• Exercise directions
Whatever lies between the line with "नेरूळमधील आढावा बैैठकीत" and the end of the data, both included, must be copied exactly and without pictures.

• Data shown
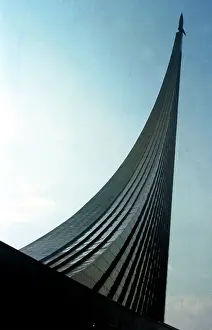 Barshch: Monument to the Conquerors of Space in Moscow, 1985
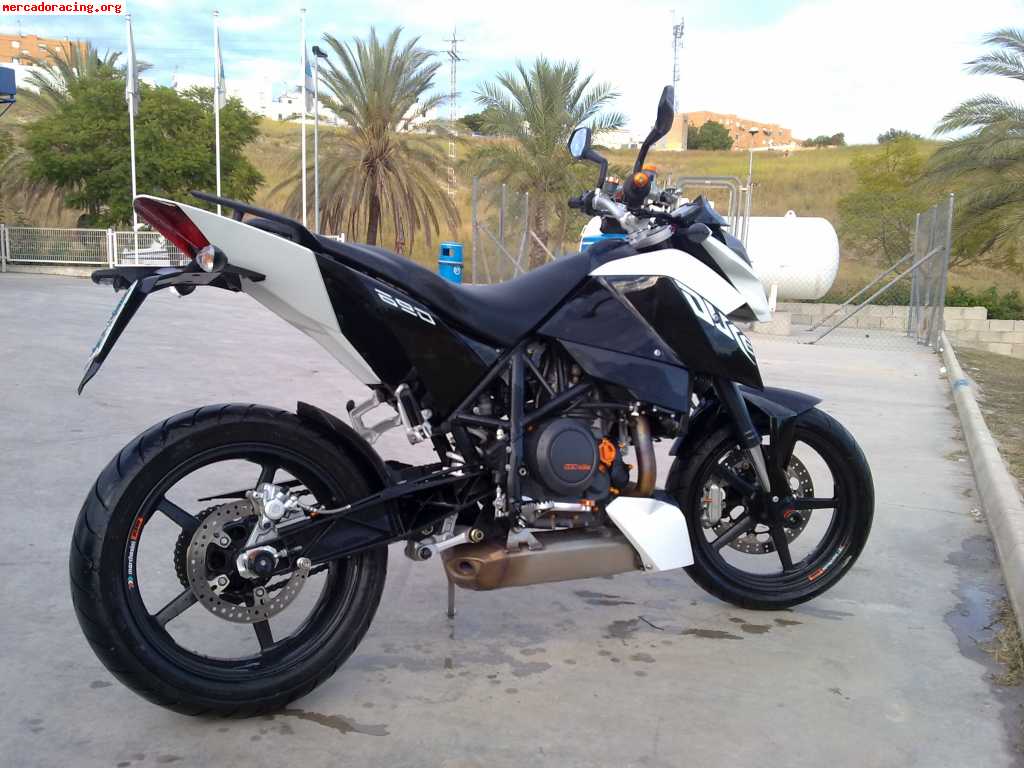 Vendo o cambio por coche ktm duke 690 white edition 6000kms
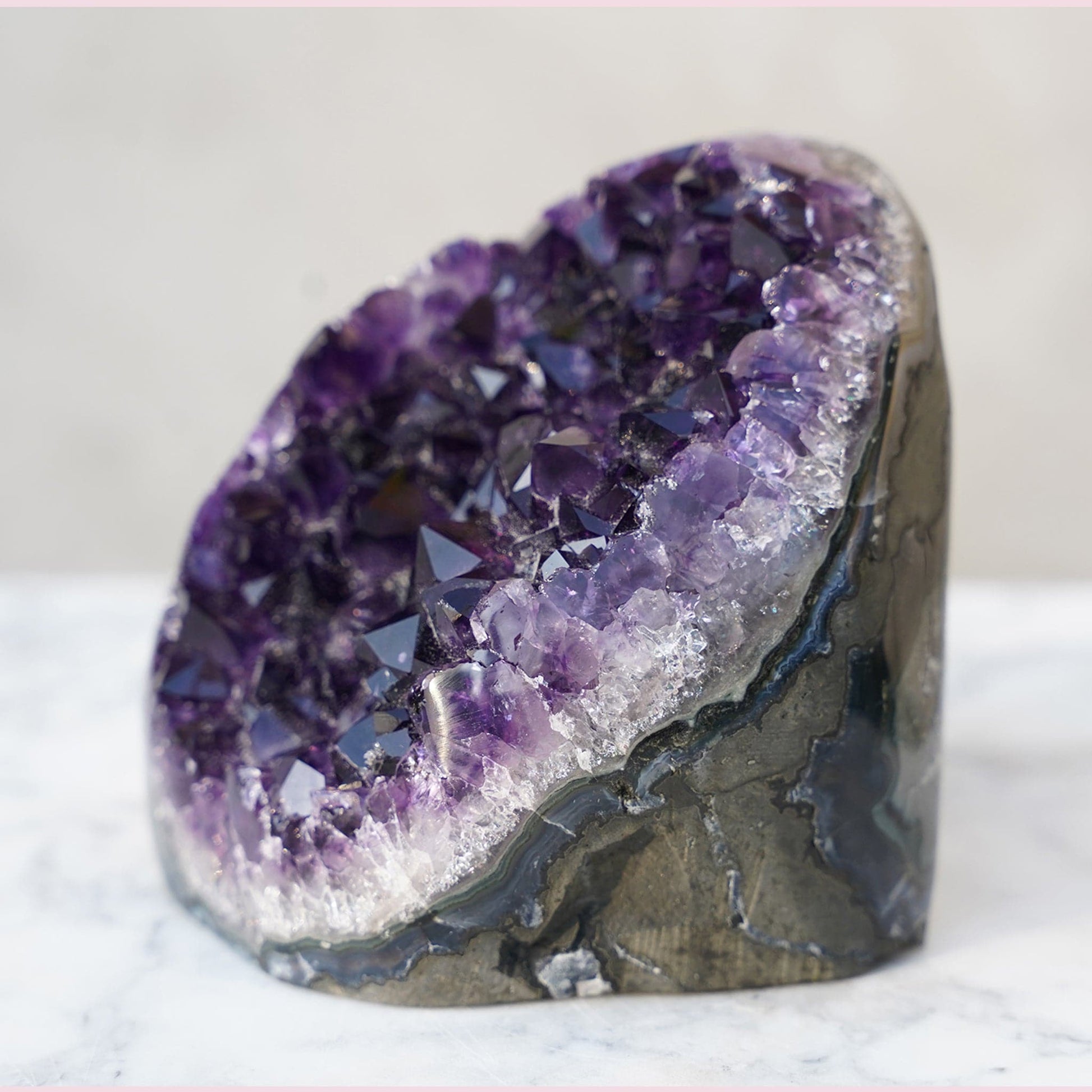 BUDDHA - voluminous amethyst geode – Amethysts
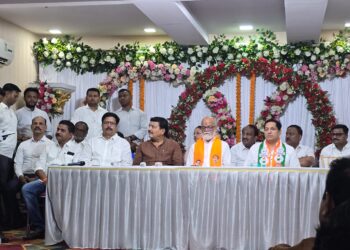 नेरूळमधील आढावा बैैठकीत लीड देण्याची कार्यकर्त्यांनी दिली ग्वाही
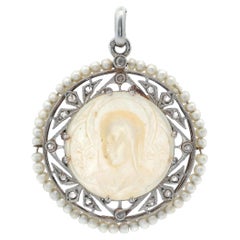 Antiquités 1900 Pendentif religieux en or 18kt avec nacre, diamants et perles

• Result
 नेरूळमधील आढावा बैैठकीत लीड देण्याची कार्यकर्त्यांनी दिली ग्वाही
 Antiquités 1900 Pendentif religieux en or 18kt avec nacre, diamants et perles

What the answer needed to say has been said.